Copy out the lines of the records below, and only those lines, from the one with "For Motorola Moto" through the one with "Mcm men's 2025 wallet black", exactly as they appear.

==== Provided records

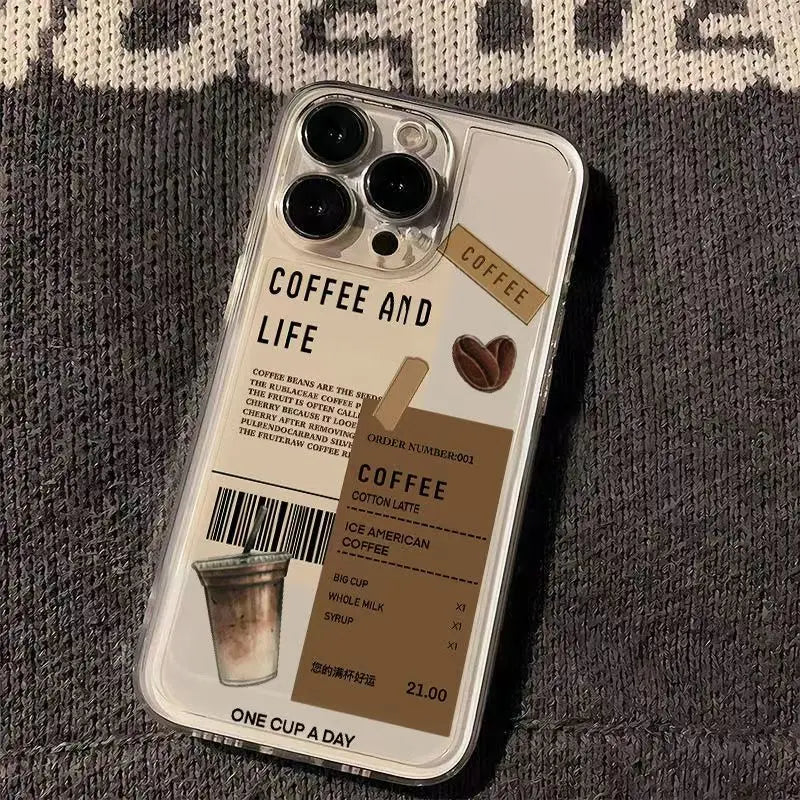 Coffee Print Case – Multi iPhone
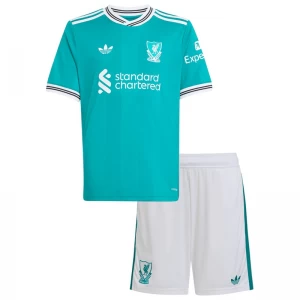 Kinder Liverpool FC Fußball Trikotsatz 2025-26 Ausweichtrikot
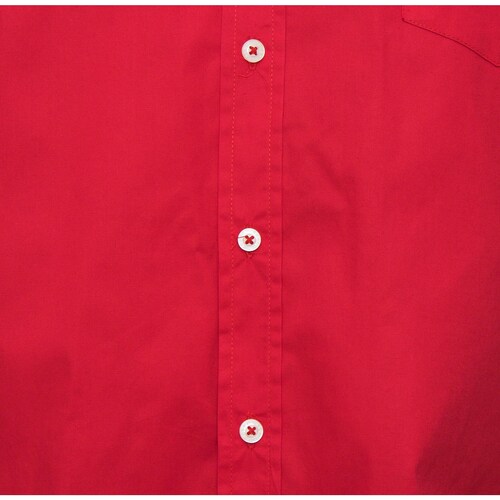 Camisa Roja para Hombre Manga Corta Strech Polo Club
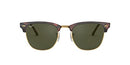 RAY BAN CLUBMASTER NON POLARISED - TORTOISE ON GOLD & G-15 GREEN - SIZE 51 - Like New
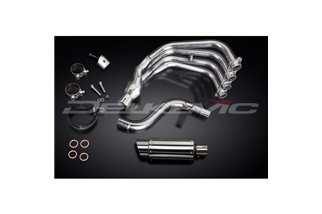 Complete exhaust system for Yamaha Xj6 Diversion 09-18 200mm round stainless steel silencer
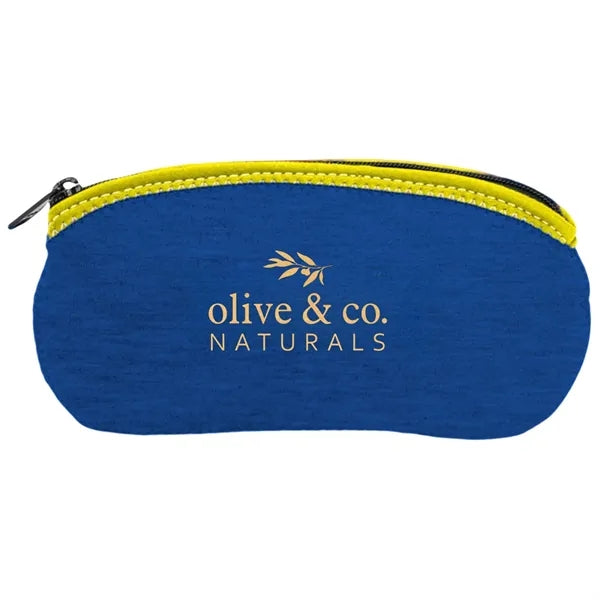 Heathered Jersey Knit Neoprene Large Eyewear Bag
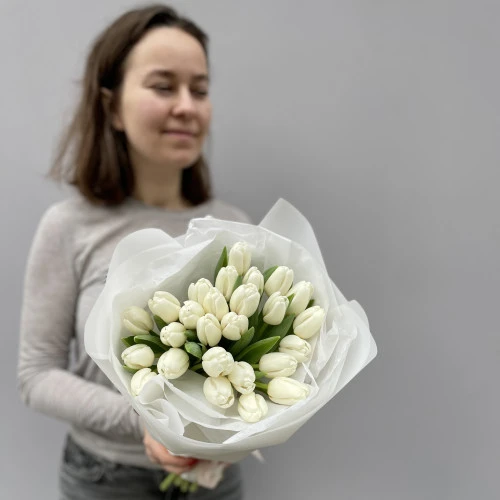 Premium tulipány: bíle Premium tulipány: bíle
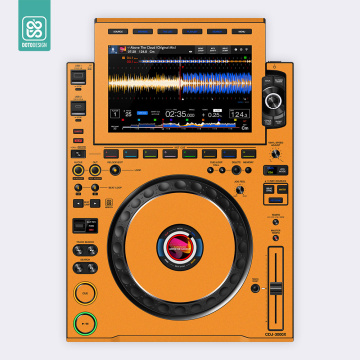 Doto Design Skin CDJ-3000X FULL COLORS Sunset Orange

========
==== Provided records

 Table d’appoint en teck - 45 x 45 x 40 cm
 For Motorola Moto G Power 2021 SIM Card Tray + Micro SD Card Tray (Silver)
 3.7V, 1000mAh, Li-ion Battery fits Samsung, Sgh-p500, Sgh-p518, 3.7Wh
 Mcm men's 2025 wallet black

========

(Solved exercise):
 For Motorola Moto G Power 2021 SIM Card Tray + Micro SD Card Tray (Silver)
 3.7V, 1000mAh, Li-ion Battery fits Samsung, Sgh-p500, Sgh-p518, 3.7Wh
 Mcm men's 2025 wallet black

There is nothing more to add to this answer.